The availability of big-ticket, long-term loans by KMRC to mortgage providers will likely spur credit to homeowners under the low-cost housing plan, he added.

“Overall, I see the plan crowding in uptake of mortgage as access to mortgage credit has been a major hindrance. Thus, I see the plan will standardise the rate throughout the mortgage plan and smooth out the volatilities in payment,” Mr Ogutu said.

“Capping of the home loans at 10 per cent may, however, have some challenges to the mortgage lenders. Assuming, monetary policy tightens in the future above the fixed rate, repayments will be at a discount as opposed to scenario where market forces determine the mortgage rate.”

Banks may be reluctant to price home loans below what the government is offering for a risk-free debt of similar tenure.

The Treasury, for example, priced a Sh40 billion, 25-year bond at 13.4 per cent in June, returns which are likely to make it difficult for banks to advance house-backed loans at 10 per cent interest.

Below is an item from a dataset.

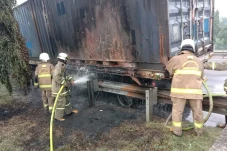 Pecah Ban, Truk Kontainer...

“When you talk about mortgage rates coming to single digits, there’s no way they can be lower than equivalent 20 or 30-year Treasury Bond rate. Why would you lend to somebody who’s got a higher risk than the government?” Barclays Bank chief executive Jeremy Awori said in an interview on August 14.

Home buyers under the low-cost housing plan will enjoy a 15 per cent tax relief on their gross monthly earnings while servicing mortgage.

Those earning between Sh15,000 and Sh49,000 will not qualify for mortgages even though they are eligible to apply for the low-cost houses under the State-backed scheme.

Prospective homeowners with a monthly income below Sh15,000 will qualify for social houses, composed of single- and double-rooms and sharing other amenities.

Kenyans who earn Sh100,000 or more in monthly income will not qualify to buy a house under the affordable housing scheme because they are classified in the high-income range.

Social housing

Houses under social housing schemes will cost a maximum of Sh600,000 for single room and Sh1 million for double room.

A one-bedroomed apartment under the low-cost units will be priced at between Sh1 million and Sh2 million, with a maximum of Sh3 million for two-bedroomed units.

The social housing schemes will largely be put up in colonial-era estates such as Makongeni (20,000 units), Park Road (1,640 units), Shauri Moyo (5,300 units) and Starehe (3,500 units) in the capital city Nairobi. Some residents have, however, raised objections to the plan.

“The location of the affordable homes will mainly be in the urban areas yet a number of the target market may prefer rural areas post-working life. This poses an obstacle in the housing agenda,” Mr Ogutu said.

For the low-cost houses plan, the government will service public land by sponsoring water, sewerage and electricity connection to about 7,000 acres of land, earmarked for the ambitious project, to attract private developers to build the houses.

“The issue has always been how do I exit. We have provided a very clear exit strategy in form of a put option that we have structured,” Mr Hinga said in a past interview.

“That put option essentially says build as long as you are within our development framework. Whatever you build that’s not taken, we (the State) are going to buy back.”